Wakil Direktur Tindak Pidana Ekonomi Khusus Bareskrim Polri Helfi Assegaf menyampaikan bahwa dana BCIF yang disalurkan Boeing sejatinya mencapai Rp138 miliar. Namun, uang Rp34 miliar tidak digunakan sesuai peruntukannya. "Total dana yang diterima oleh ACT dari Boeing kurang lebih Rp138 miliar kemudian digunakan untuk program yang telah dibuat oleh ACT kurang lebih Rp103 miliar. Sisanya Rp34 miliar digunakan tidak sesuai peruntukannya," kata Helfi. Ia menuturman bahwa uang Rp34 miliar tersebut digunakan untuk pengadaan armada truk Rp2 miliar, program Big Food Bus Rp2,8 miliar, dan pembangunan pesantren peradaban di Tasikmalaya Rp8,7 Miliar.
Selanjutnya, kata Helfi, uang itu disalurkan untuk koperasi syariah 212 Rp 10 miliar, dana talangan CV Vun Rp3 miliar dan dana talangan PT MBGS Rp7,8 miliar. "Total semua Rp 34,573,069,200. Kemudian selain itu juga digunakan untuk gaji para pengurus. Ini sekarang sedang dilakukan rekapitulasi dan menjadi tindak lanjut kami yang tadi disampaikan yaitu akan dilakukan audit pada ini," pungkasnya. Aksi Cepat Tanggap (ACT) ternyata mengelola donasi masyarakat dengan nilai fantastis. Ternyata, lembaga filantropi tersebut mengumpulkan donasi hingga Rp2 triliun dalam kurun waktu 15 tahun.
Karo Penmas Divisi Humas Polri Brigjen Pol Ahmad Ramadhan menyampaikan uang donasi Rp2 triliun itu dikumpulkan dalam kurun waktu tahun 2005 hingga 2020. Dengan begitu, donasi tersebut merupakan akumulasi dalam 15 tahun terakhir. "Total donasi yang masuk ke yayasan ACT dari tahun 2005 sampai tahun 2020 sekitar Rp 2 triliun," kata Ramadhan.

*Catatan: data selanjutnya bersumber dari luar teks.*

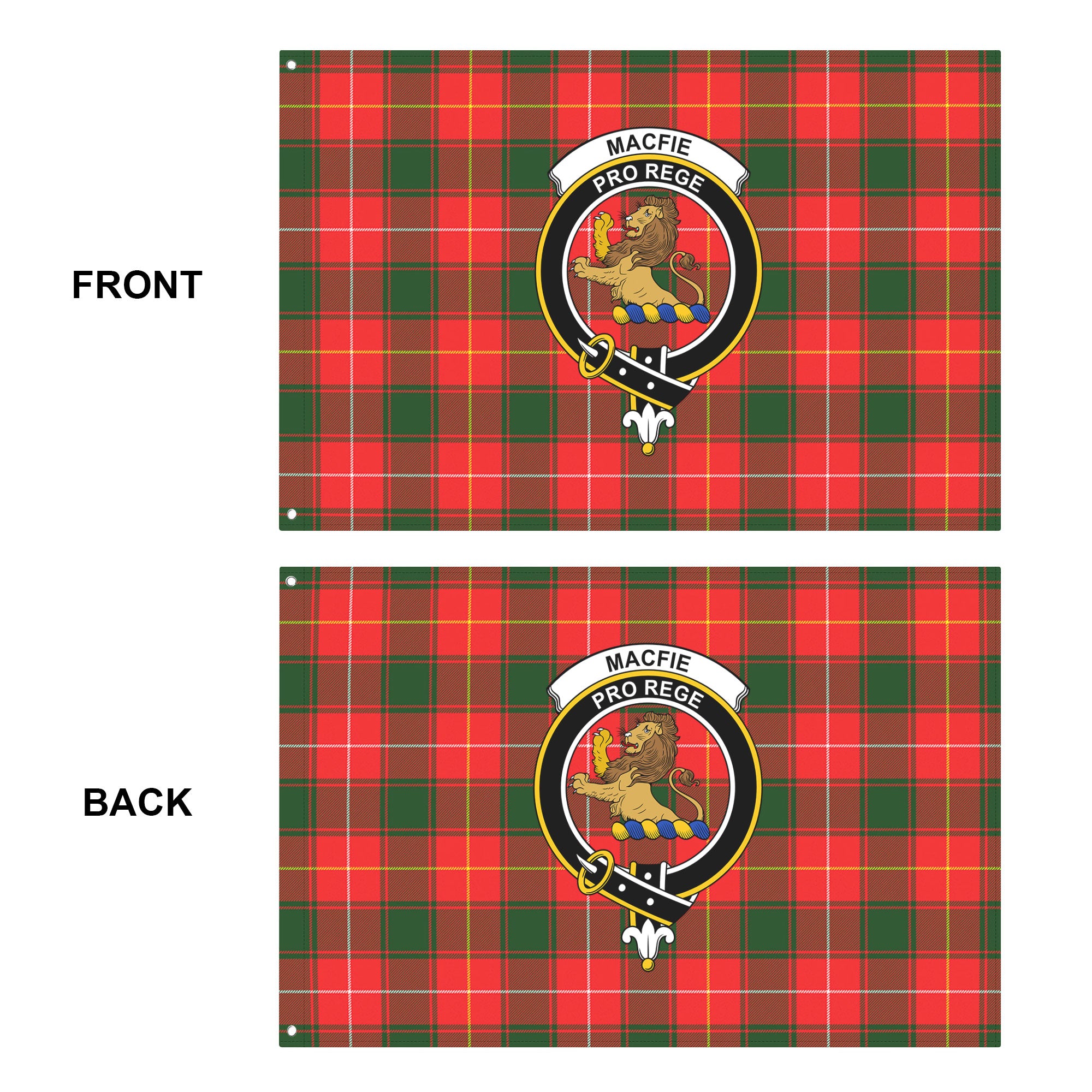 MacFie Tartan Crest House Flag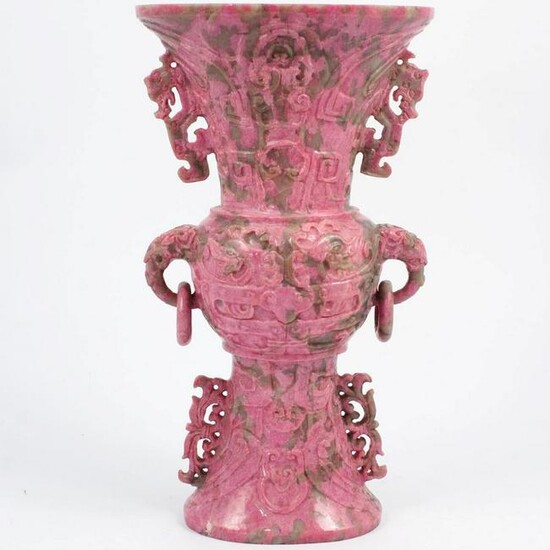 Chinese Carved Gu Vase, Circa 1910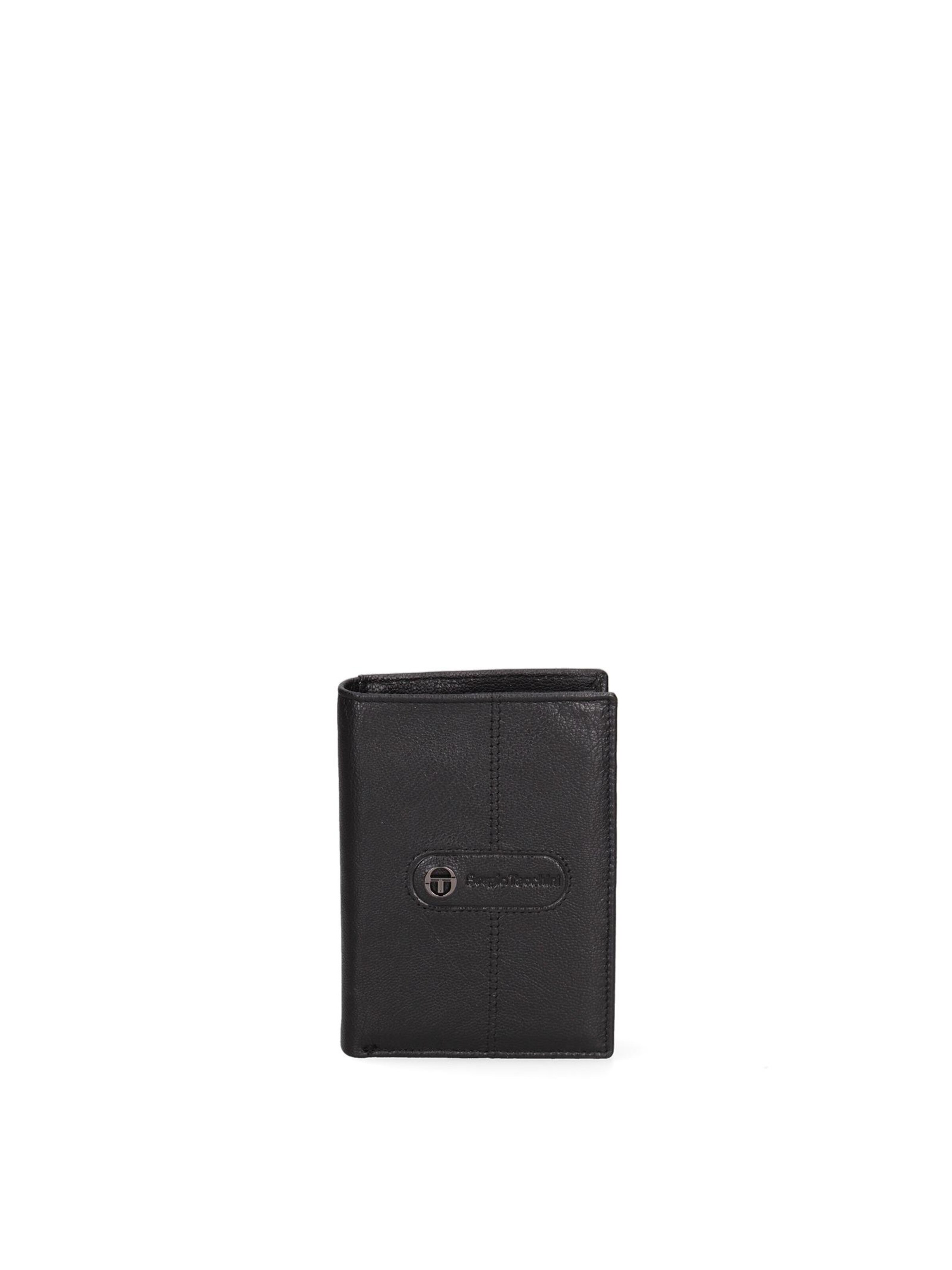 Portamonete 'Portafoglio Uomo Sergio Tacchini Vera Pelle Compatto 9x12,5 cm' di Sergio Tacchini in nero: frontale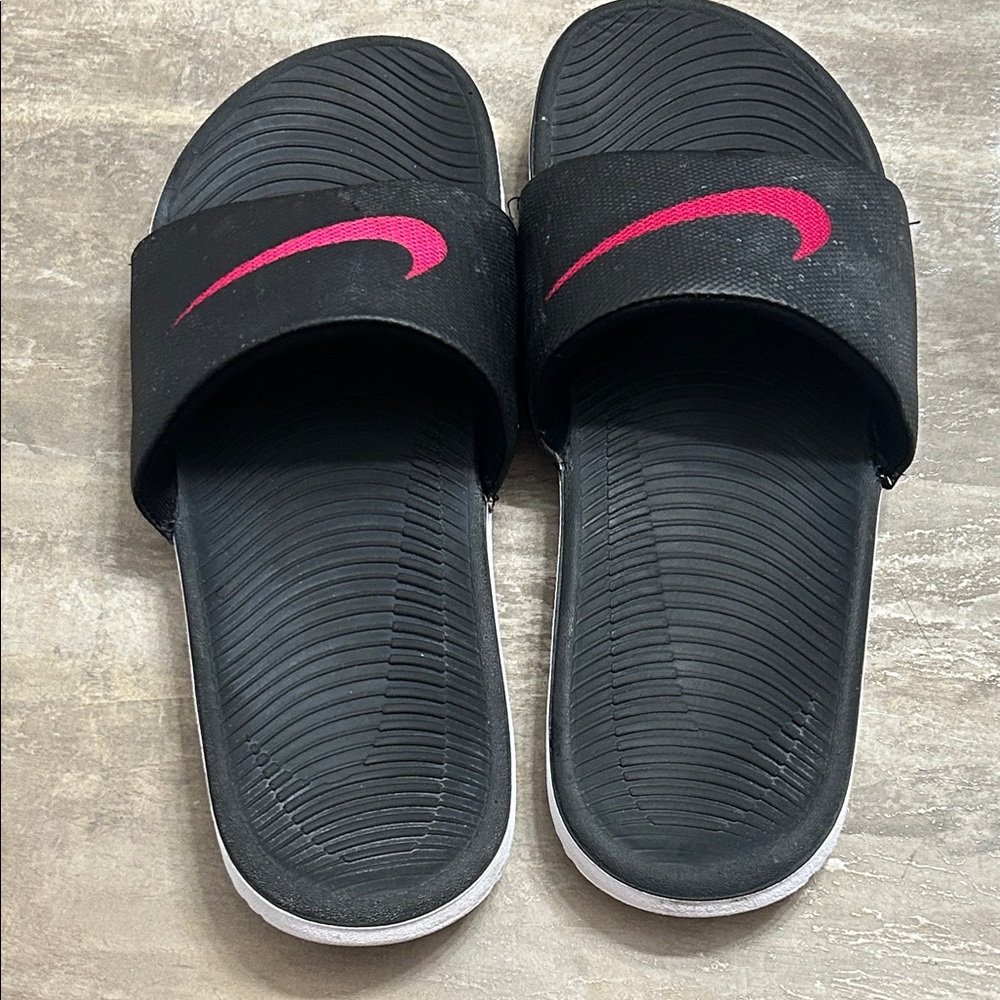 Nike Black Slides with Pink Logo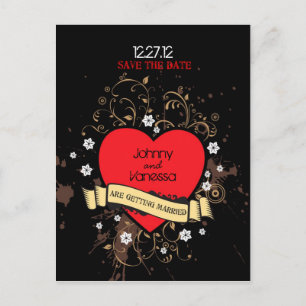 Vintage Look Rock & Roll Music Themed Wedding Announcement Postcard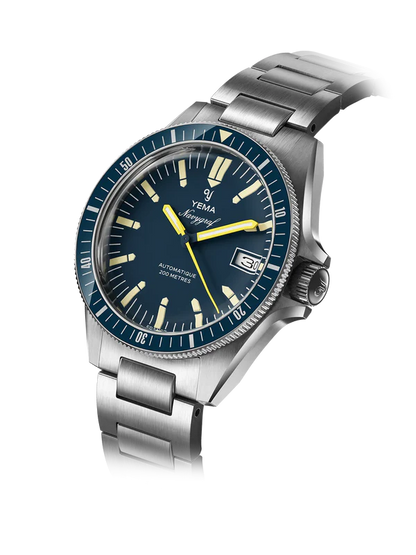 YEMA Navygraf Heritage Iconic Dial Steel  Bracelet Blue 39mm | YNAV25-GM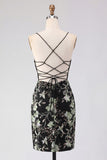 Yellow Bodycon Sheer Corset Floral Sequins Short Homecoming Dress with Lace Up Back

Ramadhan menjelaskan, yayasan ACT besutan Ahyudin dan Ibnu Khajar itu diduga memangkas 20 sampai 30 persen dari total uang donasi yang diterima. Hal itu berdasarkan surat keputusan internal yang dibuat para pengurus. "Pada tahun 2015 sampai 2019 dasar yang dipakai oleh yayasan untuk memotong adalah surat keputusan dari pengawas dan pembina ACT dengan pemotong berkisar 20 30 persen," ungkapnya. "Kemudian pada tahun 2020 sampai sekarang berdasarkan opini komite dewan syari'ah yayasan ACT pemotongannya sebesar 30 persen," sambung Ramadhan.
Lebih lanjut, Ia menambahkan, ACT mendapatkan uang Rp450 miliar dari hasil pemangkasan donasi tersebut. Adapun uang itu digunakan untuk alasan operasional ACT.